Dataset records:
#####
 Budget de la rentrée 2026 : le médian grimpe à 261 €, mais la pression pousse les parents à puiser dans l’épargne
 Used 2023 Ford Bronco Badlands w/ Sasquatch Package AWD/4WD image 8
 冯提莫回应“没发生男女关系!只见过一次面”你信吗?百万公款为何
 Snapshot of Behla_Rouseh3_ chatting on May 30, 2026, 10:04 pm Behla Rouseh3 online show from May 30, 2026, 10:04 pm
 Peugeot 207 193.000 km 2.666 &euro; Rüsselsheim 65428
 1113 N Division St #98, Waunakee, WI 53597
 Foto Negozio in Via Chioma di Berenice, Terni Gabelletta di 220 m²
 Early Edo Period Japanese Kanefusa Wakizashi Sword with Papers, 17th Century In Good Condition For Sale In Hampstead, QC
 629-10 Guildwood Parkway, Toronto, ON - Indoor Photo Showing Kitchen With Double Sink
#####
Produce a verbatim copy of the lines from the one holding "Snapshot of Behla_Rouseh3_" to the final line of the data, and nothing more.

 Snapshot of Behla_Rouseh3_ chatting on May 30, 2026, 10:04 pm Behla Rouseh3 online show from May 30, 2026, 10:04 pm
 Peugeot 207 193.000 km 2.666 &euro; Rüsselsheim 65428
 1113 N Division St #98, Waunakee, WI 53597
 Foto Negozio in Via Chioma di Berenice, Terni Gabelletta di 220 m²
 Early Edo Period Japanese Kanefusa Wakizashi Sword with Papers, 17th Century In Good Condition For Sale In Hampstead, QC
 629-10 Guildwood Parkway, Toronto, ON - Indoor Photo Showing Kitchen With Double Sink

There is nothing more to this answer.